Fluorescein angiography showed choroidal silence with focal areas of hyperfluorescence corresponding to the flecks on both eyes (Figure 1). The late phase angiogram of the right eye showed marked hyperfluorescence in the posterior pole and superior mid-periphery secondary to severe RPE atrophy with some areas of blockade of fluorescence secondary to reactive hyperplasia of the RPE. The areas of subretinal fibrosis showed marked hyperfluorescence as a result of fluorescein staining.


The OCT findings of the right eye showed thinning of the neurosensory retina with irregular thickening of the RPE/choroid layer (Figure 2). There were also multiple areas of highly reflective and irregular nodular deposits at the RPE level merging with the neurosensory retina, corresponding to the areas of subretinal fibrosis. OCT of the left eye showed marked thinning of the neurosensory retina with mild increased choroidal reflectivity. The foveal center of the OS measured 130 µm.


DISCUSSION

The patient described presented with characteristic clinical features of Stargardt's disease including atrophic maculopathy and flavimaculatus yellow flecks. Atypical fundus appearances have been described and include cicatricial chorioretinitis, subretinal fibrosis, subretinal neovascularization and retinal pigment epithelial hyperplasia(1,8,9).

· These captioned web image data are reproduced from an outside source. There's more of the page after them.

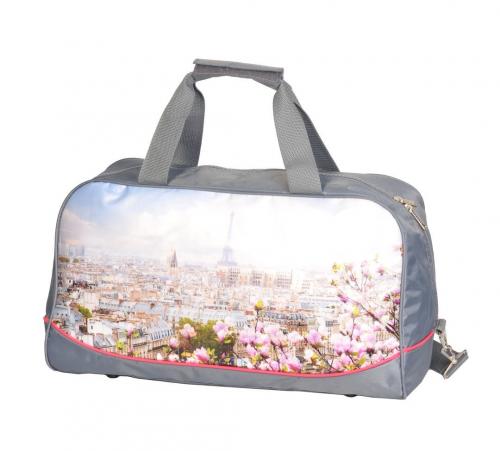Дорожная сумка Вояж Silver Top, фото 1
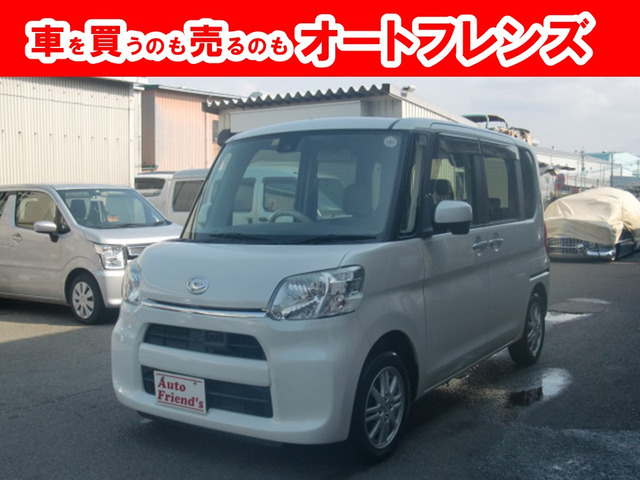 タント X SAII 軽自動車安心保証整備車検2年付格安関西
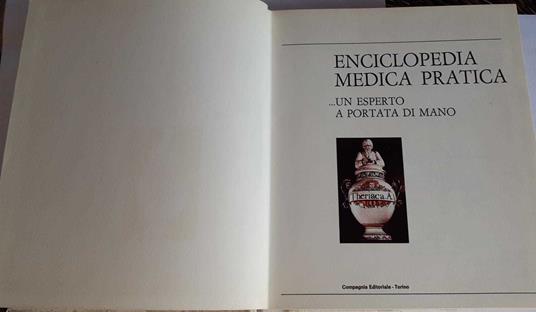 Enciclopedia medica pratica..un esperto a portata di mano - copertina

Del Buey et al.(9) described a case of a 14-year-old with diffuse subretinal fibrosis and marked atrophy of the RPE in one eye with Stargardt's disease after a history of mild ocular trauma with a bottle's cork. They suggested that the damaged RPE cells could explain the fibroglial reaction of the retina and pigment migration that occurred as a non-specific response to an inflammatory condition.

De Laey and Verougstraete(1) reported three patients with the characteristics of Stargardt's disease who during follow-up developed massive subretinal fibrosis in the fundus of at least one eye. In two patients, they found massive amounts of orange pigment, presumed to be lipofuscin, in the posterior pole. One of these patients had a history of ocular contusion one week prior to presentation, but no signs of ocular trauma were noted at the time of the exam. In both patients, the orange pigment gradually resorbed leaving extensive areas of subretinal fibrosis and RPE hyperplasia . A third patient who presented with subretinal fibrosis at the initial exam was also described, although it was not definite if the fibrosis was preceded by clinical appearance of orange pigment. The authors speculated that an external factor such as a minor ocular trauma would be capable to provoke a dramatic response in an already diseased RPE. However, there were only limited evidences to confirm that ocular trauma originated their cases.

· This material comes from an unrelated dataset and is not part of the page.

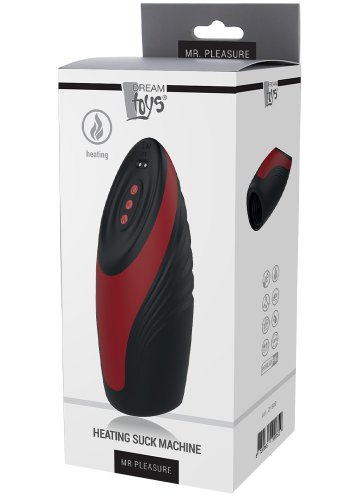 Mr Pleasure Heating Suck Machine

In 1991, Ko et al.(10) reported histologic evidence that trauma may play a role in releasing massive amounts of lipofuscin from the RPE. He observed a massive accumulation of lipofuscin, using light and electron microscopy, in the retinal pigment epithelium at the posterior pole of a human eye that had been severely traumatized 9 months before enucleation. They suggested that the accumulation of lipofuscin might be originated due to an overload of the RPE cells caused by photoreceptor debris at the time of the trauma.

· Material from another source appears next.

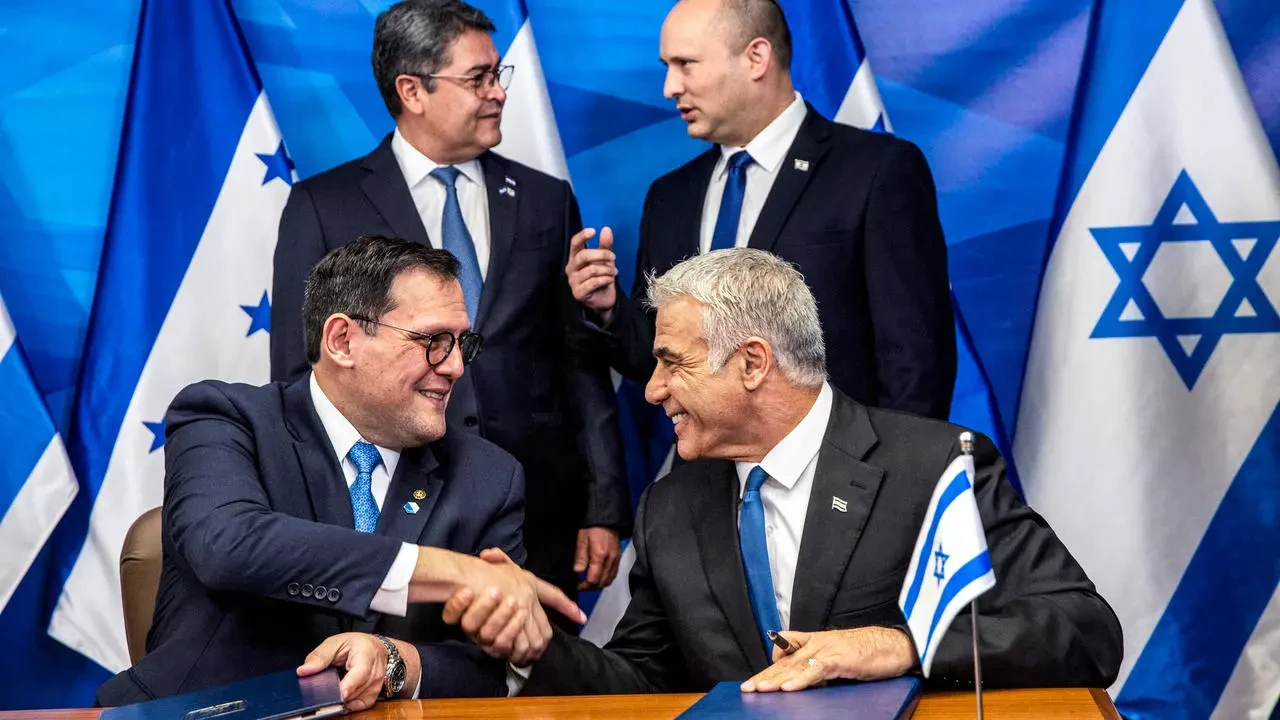 رئيس الهندوراس يعترف بالقدس عاصمة لاسرائيل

In conclusion, our case had ophthalmoscopic and angiographic findings which were classic for Stargardt's disease on both eyes and massive amount of subretinal fibrosis on the right eye which was seen at the initial exam. Despite the negative family history and the fact that the patient presented 4 months after the blunt ocular trauma, we believe that it might have played a role as the possible cause of disrupting the diseased RPE with excessive amounts of lipofuscin, leading to the formation of subretinal fibrosis and RPE hyperplasia.

Therefore, we suggest that patients with the diagnosis of Stargardt's disease should be advised on the possible risks of even mild ocular trauma, as well as the possible consequences, which can be prevented by the use of appropriate eye protection during sports and recreational activities as endorsed by the American Academy of Pediatrics and American Academy of Ophthalmology.

Submitted for publication: April 23, 2010

Accepted for publication: August 9, 2011

Study carried out at the Departamento de Oftalmologia e Otorrinolaringologia do Hospital das Clínicas da Universidade Federal do Paraná - UFPR - Curitiba (PR) - Brazil.

Funding: No specific financial support was available for this study.

Disclosure of potential conflicts of interest: A.A.Grandinetti, None; E.Portella, None; J.Arana, None; N.T.V.Iskorostenski, None.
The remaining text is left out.